Hehehe. Just a few more... like 500 times more. 2005/2006 annual report
says bbc.co.uk does around 2.5 billion page impressions on an average
month...
 
http://www.bbcgovernors.co.uk/annreport/
 
Personal opinion: Google Analytics rocks. Can't imagine what other stats
providers are doing now its free. Must have shaken up the market a fair
bit.
 
J

________________________________

From: [EMAIL PROTECTED]
[mailto:[EMAIL PROTECTED] On Behalf Of Kim Plowright
Sent: 08 December 2006 13:58
To: backstage@lists.bbc.co.uk
Subject: RE: [backstage] Site statistics


"FEES AND SERVICES . Subject to Section 15 herein, the Service is
provided without charge to You for up to 5 million pageviews per month
per account, "
http://www.google.com/analytics/tos.html
 
I'll tell you this: our volume is a wee bit more than 5m PI/month. :)
 
We do have a big internal stats package - SageAnalyst - but I don't
think it has any API potential.
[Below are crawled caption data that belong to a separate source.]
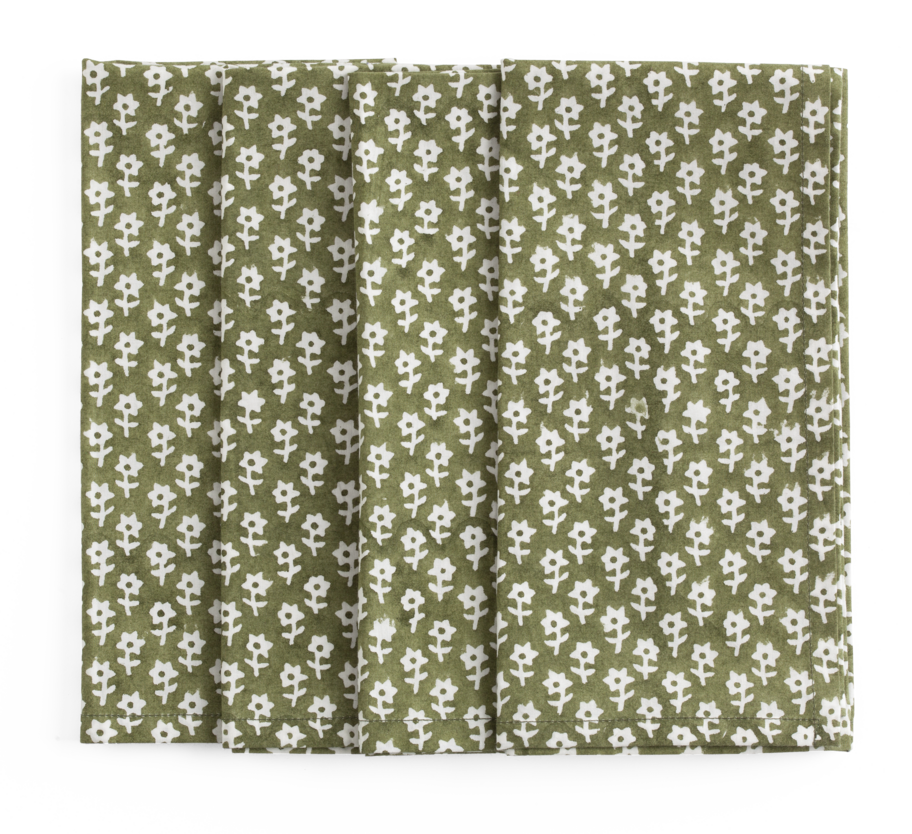 Napkins with Dancing Star print in Green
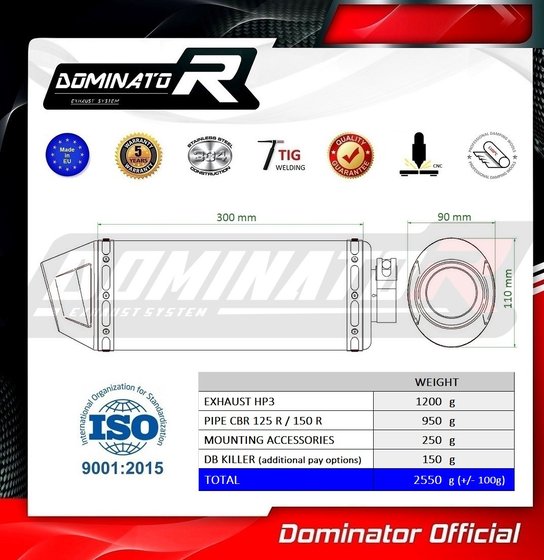 HO101DF-S Dominator exhaust full system silencer hp3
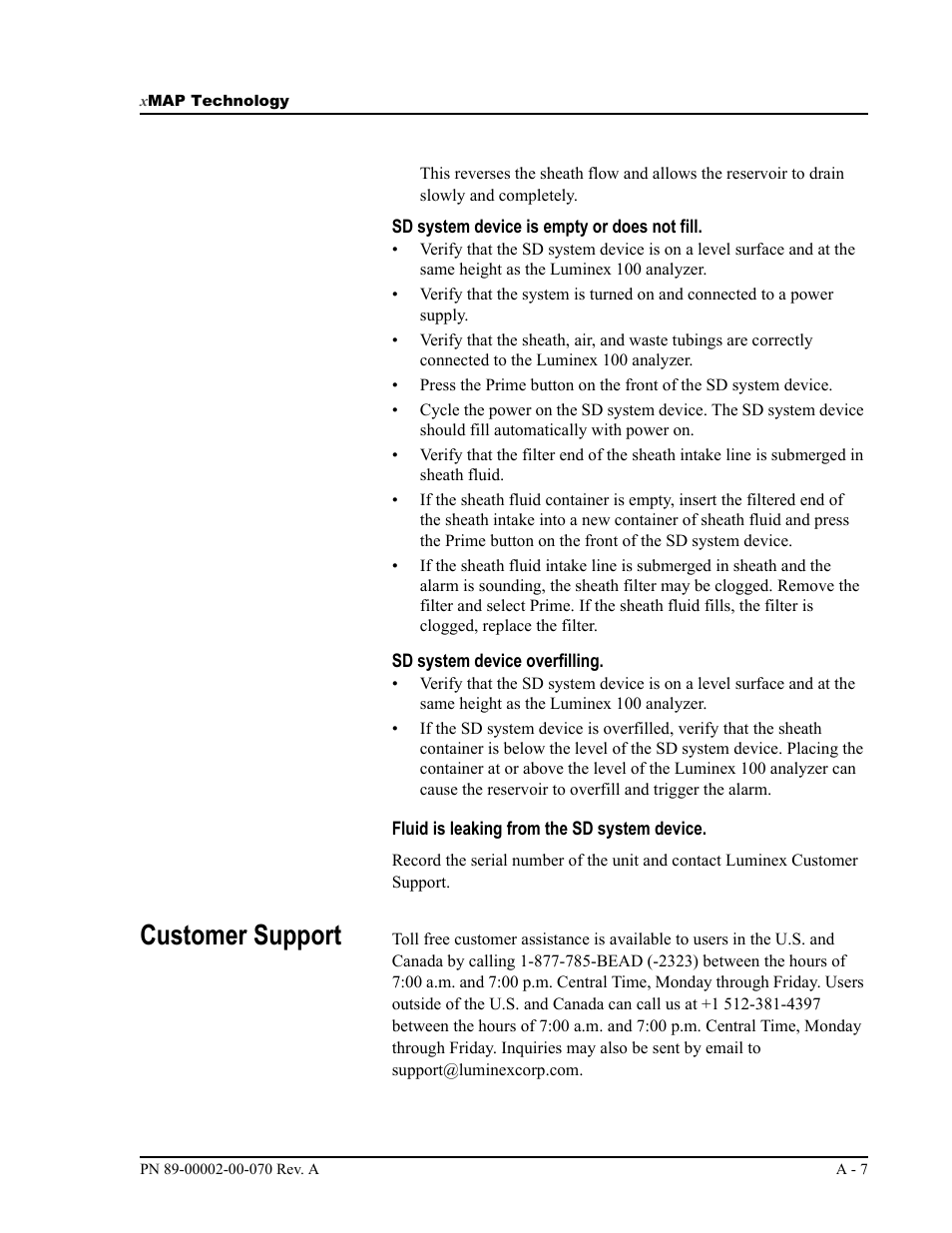 Customer support | Luminex 100 IS User Manual, Version 2.1 User Manual | Page 177 / 188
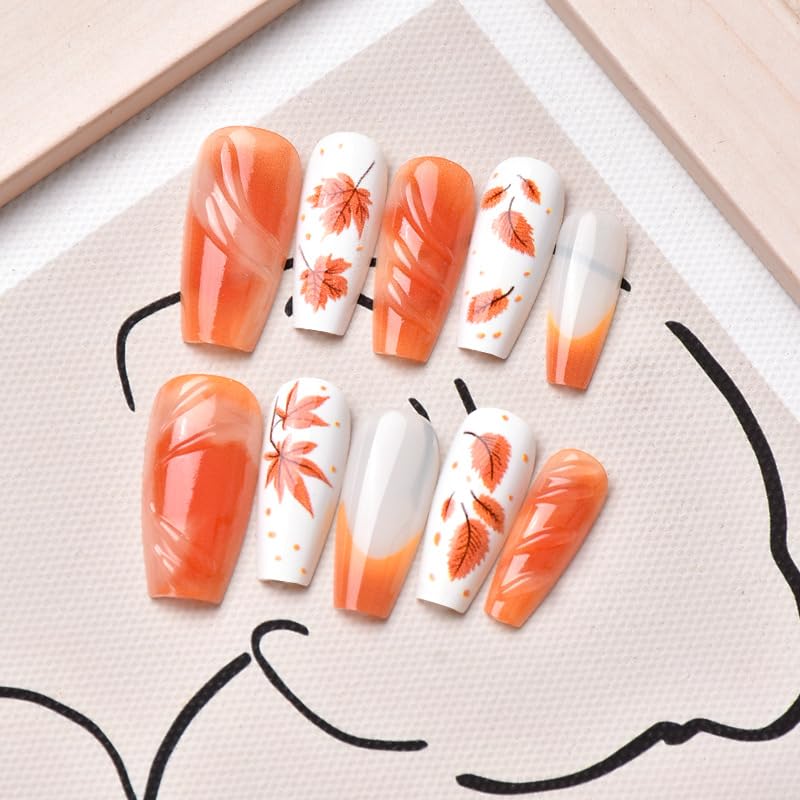 30Pcs Fall Orange Press on Nails Medium Almond Acrylic Fake Nails Polish Painting Autumn Thanksgiving Maple Leaf Pumpkin Glue on Nails Orange French Maple-4
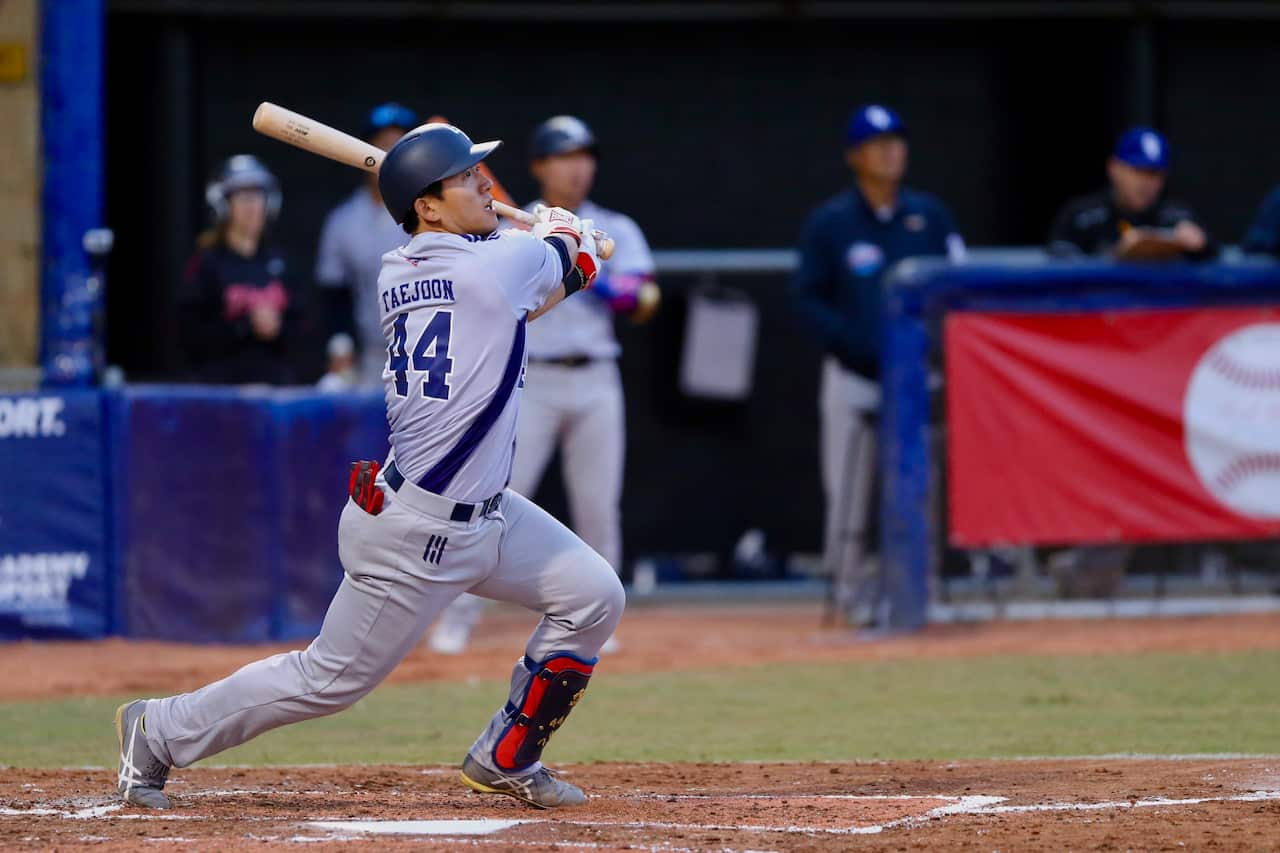 Geelong-Korea player Tae-Joon Lim in a match against the Sydney Blue Sox.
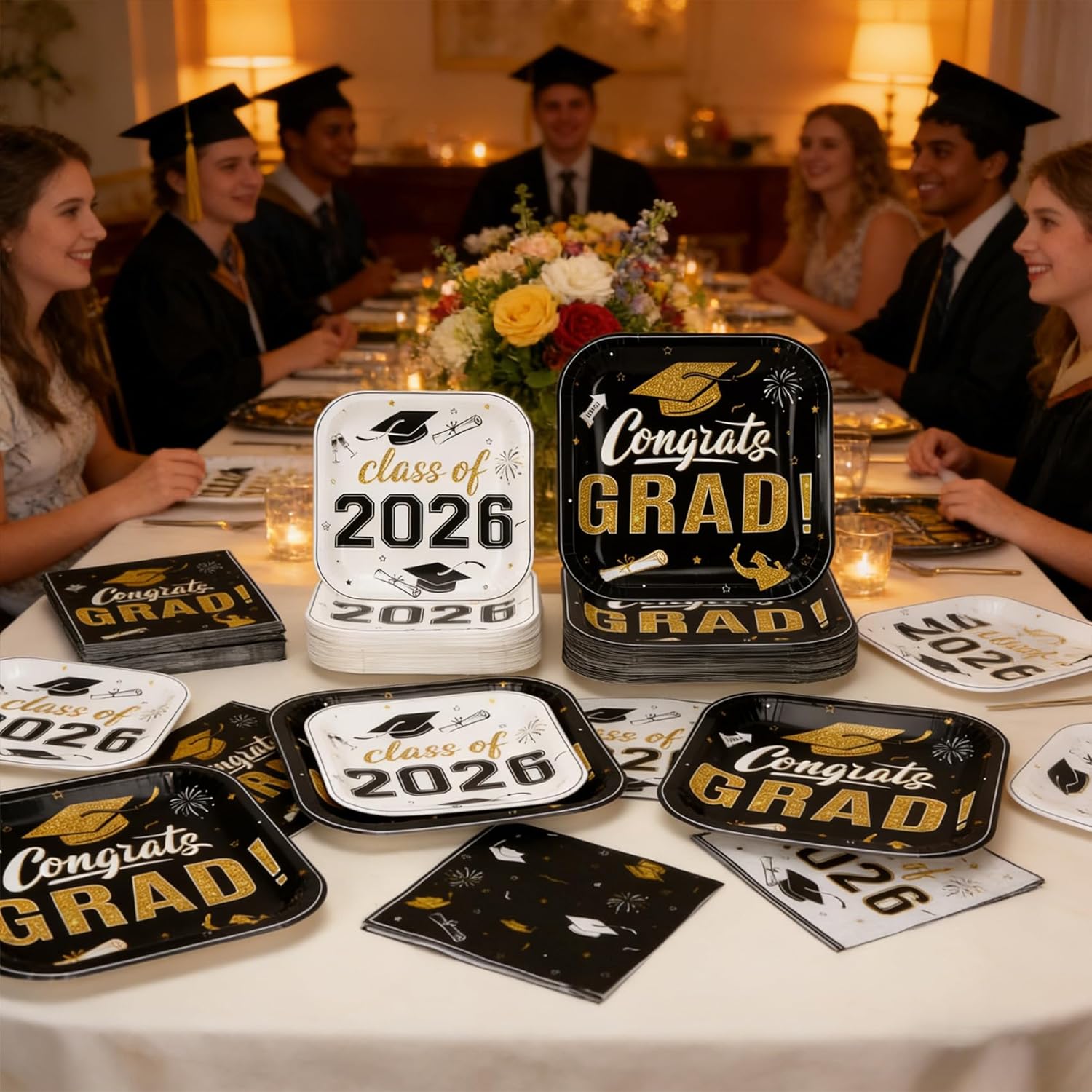 Graduation Paper Plates and Napkins 2026, Disposable Class of 2026 Graduation 9'' Square Party Plates 7" Dessert Plates Party Supplies Tableware for Graduation Party Decorations, Serves 50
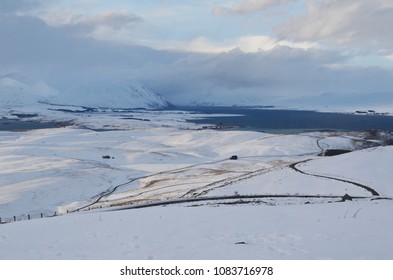 Winter With Heavy Snow Fall At Mt John. It's A Large Hill Overlooking Lake Tekapo, With 360-degree Panoramic Views Of The Mackenzie Basin. The Observatory Is The Best Place For Stargazing At Night.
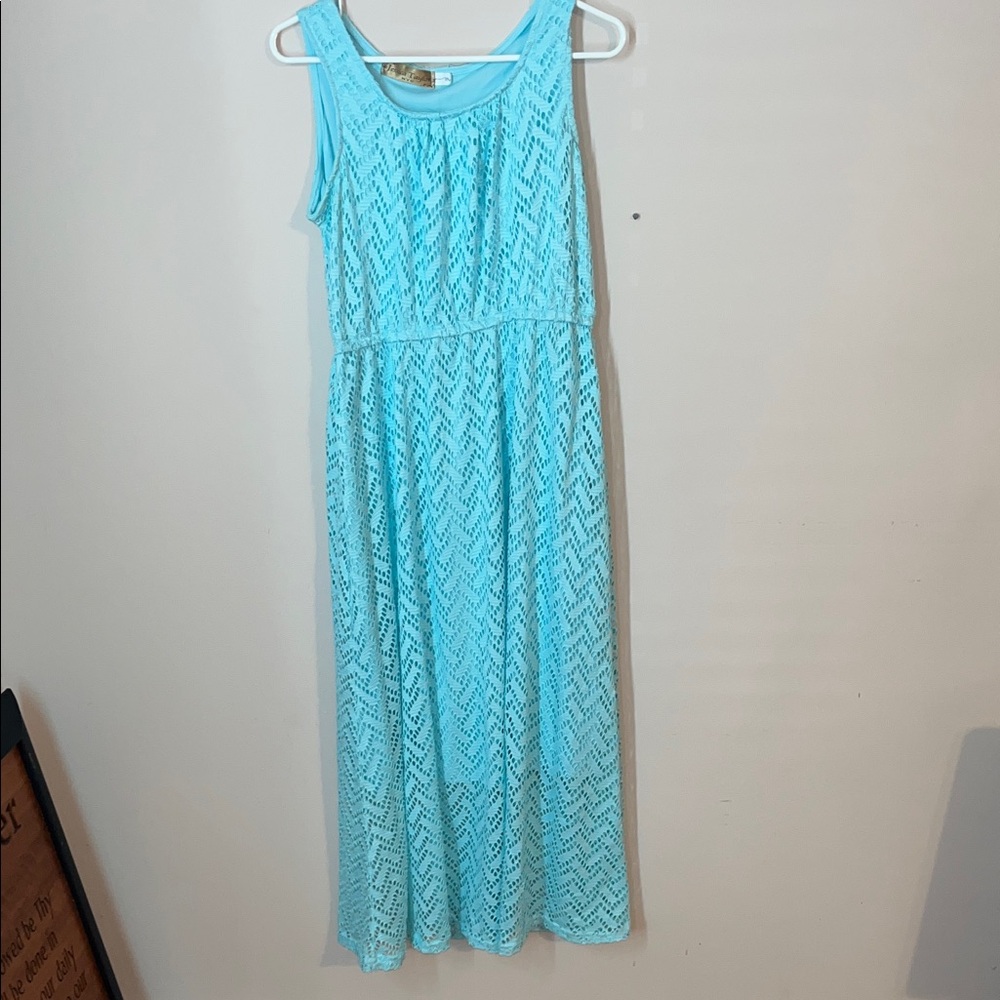 Aqua Lace Overlay Maxi Dress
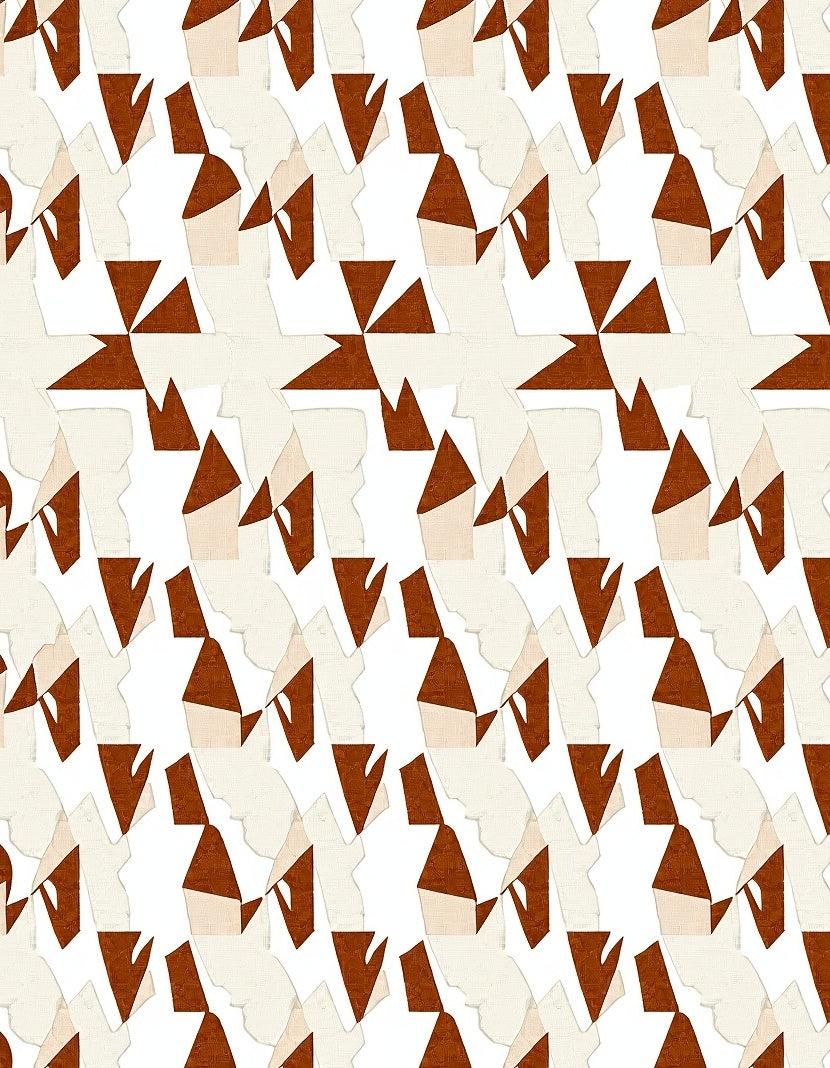 Rust Geometric Abstract Collage Rug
It's a bit of a beast - the server logs
are about 5 gb of data daily, or something....
 
k

________________________________

        From: [EMAIL PROTECTED]
[mailto:[EMAIL PROTECTED] On Behalf Of Richard Hyett
        Sent: 08 December 2006 13:23
        To: backstage@lists.bbc.co.uk
        Subject: Re: [backstage] Site statistics
        
        
        They, the BBC could always use Google Analytics, only takes a
few minutes to set up, its free and the results can be fairly detailed.
:)
        
        I've said it before, but I'll say it again, how the site is
used, in terms of text searches, navigation paths - through the site
-most popular pages/videos, would be as interesting as the content of
the site itself. 
        
        Perhaps this is all available and I just haven't seen it.
        
        Richard
        
        
        
        On 08/12/06, Allan Jardine < [EMAIL PROTECTED]
<mailto:[EMAIL PROTECTED]> > wrote: 

                Hello all,
                
                Does anyone know if the BBC releases statistics such as
browser 
                version/type, screen resolution and so on? It would be
very
                interesting to see what these are, as bbc.co.uk is
probably a fairly
                unbiased source for this type of information, unlike
w3schools.com,
                which is tech skewed. I know that Martin Belam has done
a little work
                on this (
http://www.currybet.net/articles/user_agents/index.php )
                but these results are now a year out of date.